Portugal entra, assim, num “inverno demográfico” mais gélido, e isto não tem nada que ver com os problemas energéticos que a invasão e guerra da Ucrânia está a provocar em toda a Europa, para benefício de produtores importantes de gás natural como é o tão falado Catar do mal-amado Mundial.
Para além da simples dinâmica dos números, não podemos ignorar duas dinâmicas de sentido contrário, uma das quais não mitiga suficientemente o problema e uma outra agrava-o sistematicamente.
Na entrevista refere-se que o aumento de 37.5% de estrangeiros residentes em Portugal não mitiga suficientemente o problema do inverno demográfico, ou seja o efeito do mais de meio milhão de residentes estrangeiros perde-se na gravidade do problema estrutural. Esta é a dinâmica interessante mas não resolutiva. Por outro lado, toda a vez que casais jovens buscam no estrangeiro novas oportunidades para trajetórias mais estáveis e efetiva de progressão de carreiras e de melhorias de rendimento do trabalho o problema da redução do número de pessoas em idade de procriação sai irremediavelmente agravado.

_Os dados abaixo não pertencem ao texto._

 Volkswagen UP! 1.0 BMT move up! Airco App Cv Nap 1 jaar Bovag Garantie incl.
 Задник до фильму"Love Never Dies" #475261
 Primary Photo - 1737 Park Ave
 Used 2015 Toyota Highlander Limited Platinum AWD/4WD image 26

A jornalista e Paulo Machado discutem se o tema deveria estar ou não a ser discutido no Parlamento. De certo modo, o Parlamento reflete as preocupações da sociedade. O que podemos dizer é que a perceção da gravidade do problema está a intensificar-se mas ainda não atingiu aquele limiar que precipita a mudança.

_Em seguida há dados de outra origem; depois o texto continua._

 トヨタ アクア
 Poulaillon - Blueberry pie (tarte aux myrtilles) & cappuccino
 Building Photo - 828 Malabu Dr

Há dias identifiquei uma evidência clara dessa realidade. O Acordo de Parceria PT 2030 que enquadra a programação de Fundos Estruturais para o período 2021-2027 concede á mudança demográfica uma forte notoriedade. Todavia, embora quando analisamos mais finamente a programação a resposta a essa mudança demográfica esfuma-se, o que é extensivo, valham-nos os deuses, a um programa que se chama Demografia, Qualificação e Inclusão. Querem melhor evidência do que esta?

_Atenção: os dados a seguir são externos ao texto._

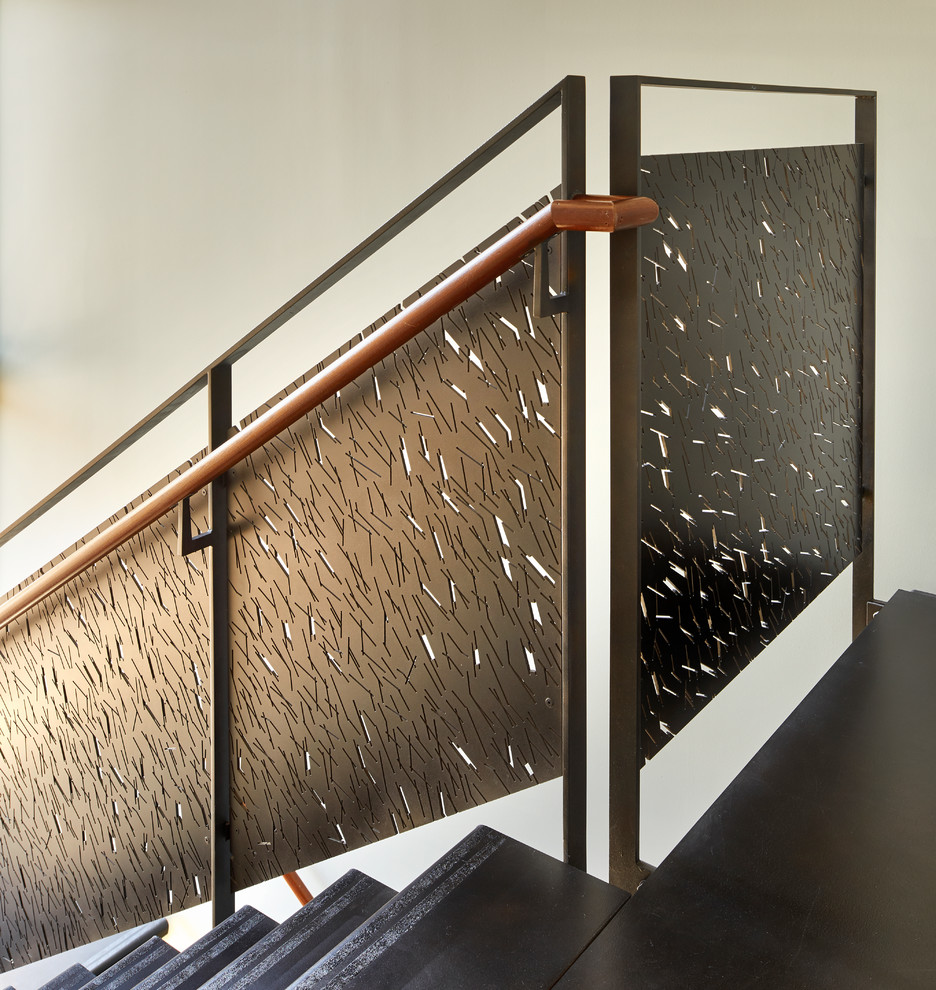 На фото: большая п-образная металлическая лестница в стиле модернизм с металлическими ступенями и деревянными перилами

Mas em meu entender o grande problema está na cruel evidência de que a atração de pessoas para satisfazer necessidades óbvias de mão de obra está a evoluir por caminhos ínvios que ora precipitam efeitos perversos como é o caso dos tão badalados nómadas digitais com a distorção de preços do mercado de arrendamento, ora correspondem a formas inaceitáveis de ganância, selvajaria e adulteração dos direitos humanos. O que significa que estamos com dificuldades para estabilizar uma política fiável e respeitável de atração de novos residentes.